Q.1 - Lighthouse Hockey just came to SBN in October. Why did you start blogging and how did you find your way to SBN?

I started an Islanders blog for the 2007-08 season, partly to see if I could stick with it and partly because, frankly, the Islanders needed more coverage. Turned out the Islanders had decided the same and started their "BlogBox" program around the same time. I didn't apply because I knew, being out of town (in St. Louis), I wouldn't be at the games to ask questions. But it was great to see them pursue that channel; there are a lot of great, distinct voices in the Isles blogosphere as a result. It's a fun group.

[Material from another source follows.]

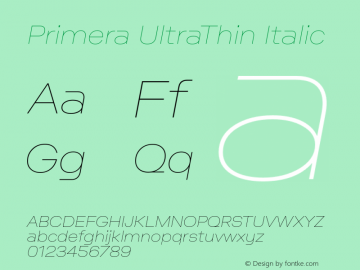 Primera-UltraThinItalic Version 1.000 Font Sample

After last season, I determined I didn't like the template I'd been working under. So I quit the network I was blogging on and created a Blogspot home for "Islander Frontier," just to keep scratching that itch. But I've always loved SBN's user interface and the way it can build passionate, thoughtful communities. So I knew if I could "get the keys" to an SBN site, I'd be eager to give it a go.

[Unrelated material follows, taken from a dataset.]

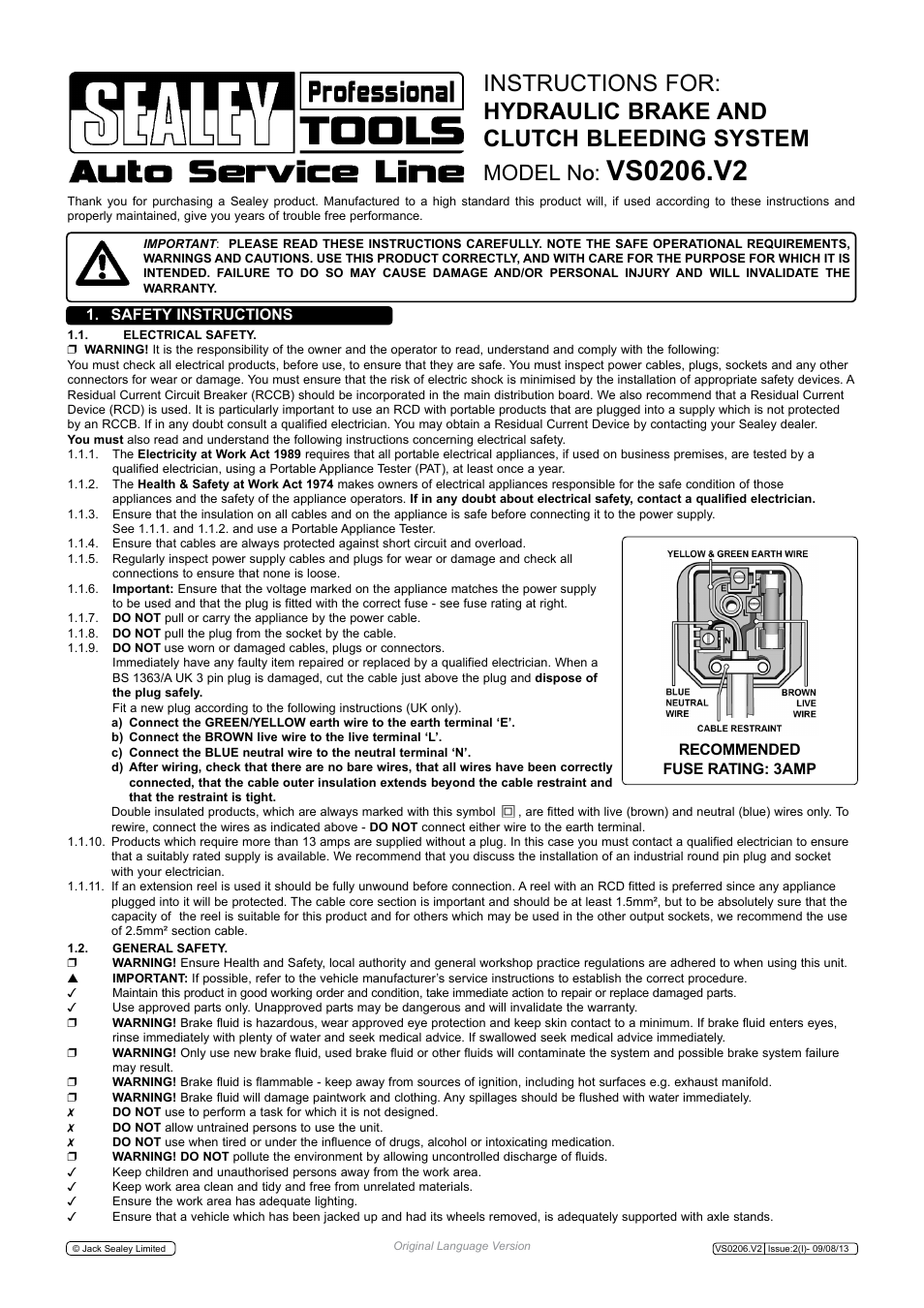 Sealey VS0206 User Manual | 3 pages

Q.2 - When and why did you become a New York Islanders fan?

In a word, my dad. The Islanders and Blues were my first exposure to hockey and the first game I saw in person. When I was a tot, my dad religiously watched any hockey on TV he could find. The Isles were in the middle of five consecutive trips to the Stanley Cup finals. Hard to imagine now, but at the time, local televised games in St. Louis were rare. That meant almost as many Islanders games (playoffs were easier to find on TV) as Blues. I'd come into the living room and see what my dad was watching and imitate playing the sport with his cane. Sensing a potential convert, he'd tell me stories about old Blues and (ex-Blue) Al Arbour's Islanders.

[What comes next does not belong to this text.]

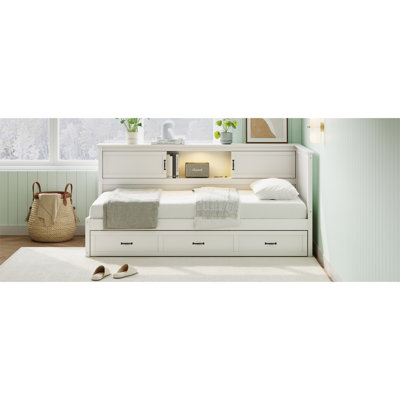 Cadre de lit en forme de L avec tiroir et bibliothèque, lit d'angle en bois avec éclairage à DEL et port USB pour petite chambre, chambre à coucher, chambre d'amis, taille simple, blanc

Q.3 - It has obviously not been the best season for the Isles. I know you didn't expect the Islanders to win the Cup this year, but how is the team stacking up to your season expectations?

Who says they won't win it this year?! No, from the beginning, I've tried to look at this season as both Year 1 of rebuilding and as a lab experiment. They've been "getting by," squeaking into the 8th seed for too many years now. The mistakes of Milbury had never been adequately cleansed. They simply had to start over, take their lumps (both in losses and in 1st-year coach mistakes), groom young assets like Kyle Okposo and Josh Bailey, test unknowns like Frans Nielsen and Jeff Tambellini -- figure out what they have going into Year 2 of this overdue process.

They also had to see if Scott Gordon's aggressive forechecking system can be implemented now and for the future. See if internal or external pressure pushes him to adjust it for his sub-par roster, or see if he could just focus on drilling it into the heads of the players who will be here a while. That experiment's been a mixed bag, partly because of our ridiculous injuries. But this is the best time -- a season of low expectations, starting over -- to experiment and fiddle with things to set up the future.

Q.4 - What one change would you like to see the Islanders make whether it's on or off the ice?

I'm mostly happy with the GM and coach: I think they have the right idea about how to build a successful, entertaining team in today's NHL. Some off-ice issues are beyond their control, like their arena redevelopment and the NY media's game of "pretend hockey isn't here." I do wish Garth Snow weren't so secretive with things like injury info, and I wish they would just change back to their original uniform design and stick with it for all eternity.

Q.5 - When you're not obsessing over the Islanders, what do you like to do in your free time?

I write in a lot of different styles for different audiences. I play a lot of hockey still, and I play drums quite inadequately. My wife and I try to travel, eat, drink and be merry whenever possible.

Q.6 - According to your SBN profile, you grew up closely following the Blues and the Islanders. How did that come about and why did you end up blogging about the Isles instead of the Blues?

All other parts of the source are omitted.